Cheguei a folhear alguns deles quando era criança. As fotos eram mais ou menos detalhadas, mas era difícil entender como se passava de uma posição para a outra. Era tudo estanque e nem as legendas facilitavam.
Um sujeito aparecia com uma faca e o outro, em uma seqüência aparentemente desconexa, o desarmava, derrubava e lhe quebrava o braço.
Os livros de auto-ajuda são mais ou menos isso. Se você aplicar aquela técnica você vai mesmo desarmar, derrubar e quebrar o braço de seu problema.
Mas só olhando para as fotos você não sabe como passar de um passo para o outro. Terá sorte se no meio do caminho não quebrar o próprio braço.
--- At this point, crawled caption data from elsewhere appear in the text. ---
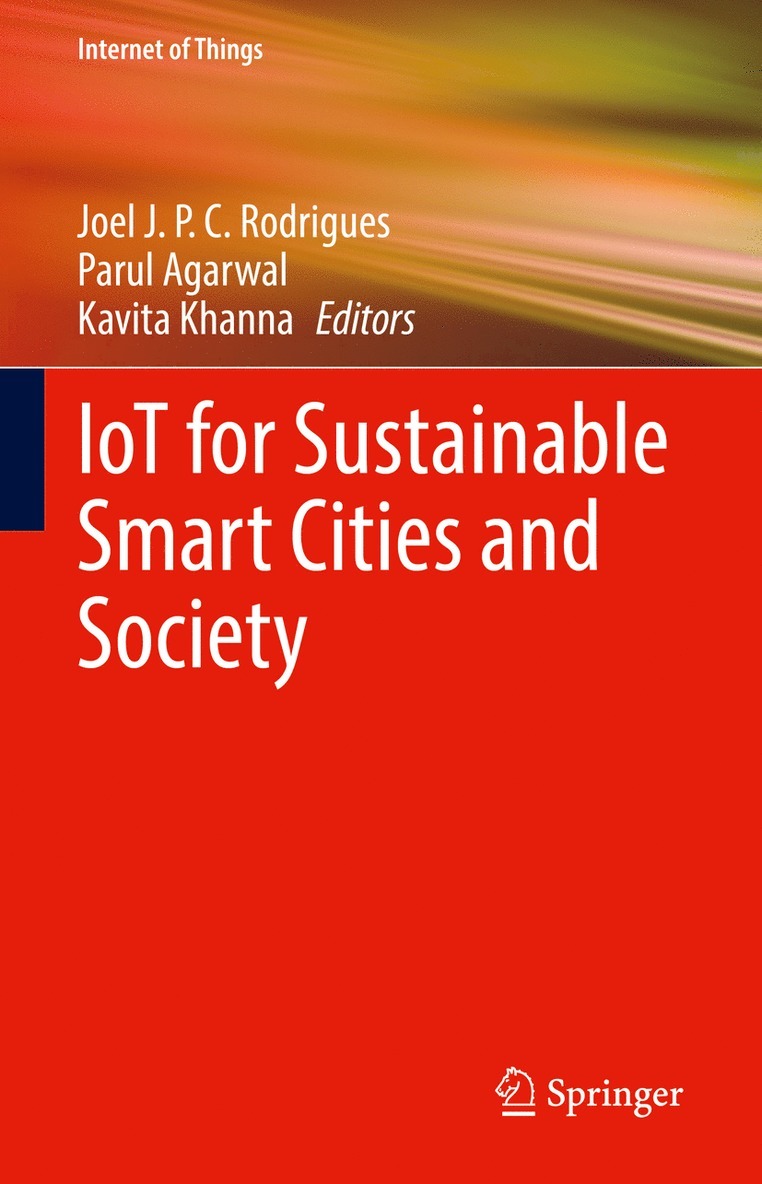 Joel J. P. C. Rodrigues, Parul Agarwal, Kavita Khanna - IoT for Sustainable Smart Cities and Society, Inbunden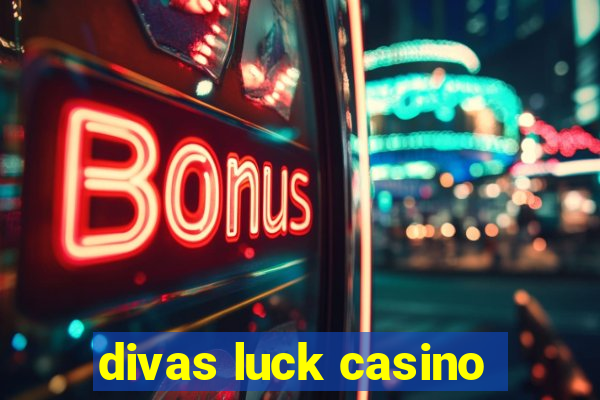 divas luck casino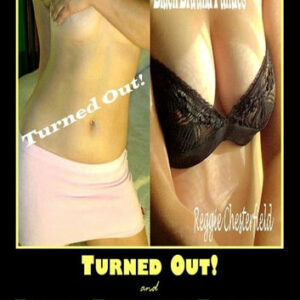 Turned Out! And Black Bra And Panties: Two Novels Of Hardcore Erotica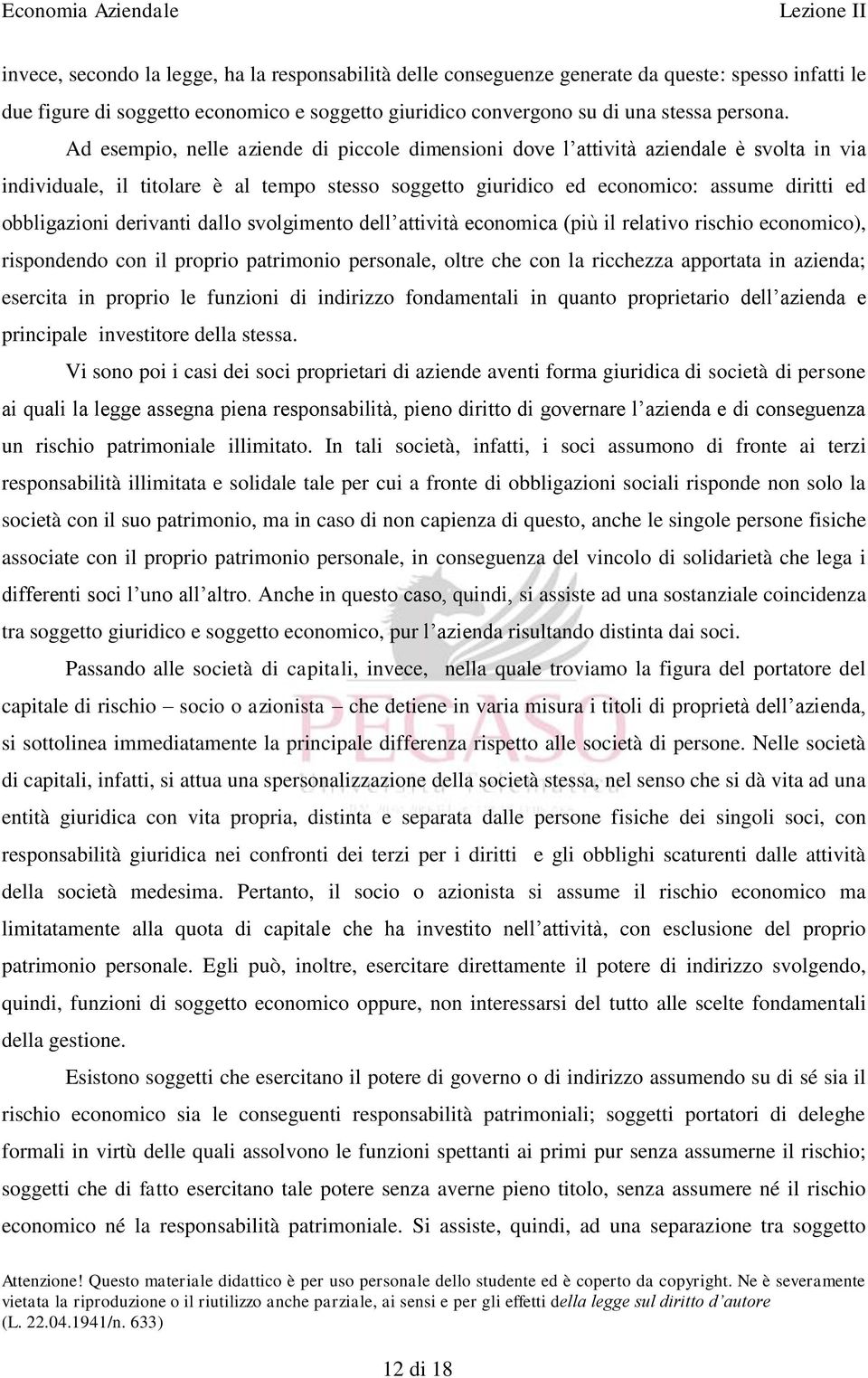 derivanti dallo svolgimento dell attività economica (più il relativo rischio economico), rispondendo con il proprio patrimonio personale, oltre che con la ricchezza apportata in azienda; esercita in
Em Sidarta, de Herman Hesse, quando o personagem central encontra o Buda, diz a ele que não o seguirá. Pois cada pessoa encontra o seu caminho seguindo o próprio caminho. É um truísmo, mas só eu, e mais ninguém, posso encontrar os meios de quebrar o braço de meus problemas. Buda concordou. Pelo menos no livro.
Se nem mesmo um mestre pode ensinar verdadeiramente um caminho, que dirá um livro.
Mas não é preciso ir tão longe nas filosofias de boteco.
De nada adianta o conselho ser dado – um bom conselho – e eu como leitor não executá-lo. Ou praticá-lo poucas vezes durante apenas uma semana depois de ter acabado a leitura.
Talvez o autor tenha esquecido de dizer que, para produzir algum efeito, o que ele ensina precisa ser aplicado com disciplina e constância ao longo dos dias, das semanas, meses e anos.
Disciplina e constância ao longo de um grande período.
Duas coisas que alguém que compra um livro – vendido como um elixir de resultado imediato – terá uma tendência a não ter. Mesmo coisas aparentemente simples – como pensamento positivo, leis de atração e afins – exigem essas duas qualidades.
E normalmente pessoas que já as têm por natureza, não precisam de livros de auto-ajuda.
O público dos livros de auto-ajuda costuma ser aquele que não conseguirá executar com efetividade as técnicas neles ensinadas.
Por isso, esses livros só atingirão o objetivo da venda. Não o de sua função verdadeira, que seria ajudar pessoas a se auto-ajudar.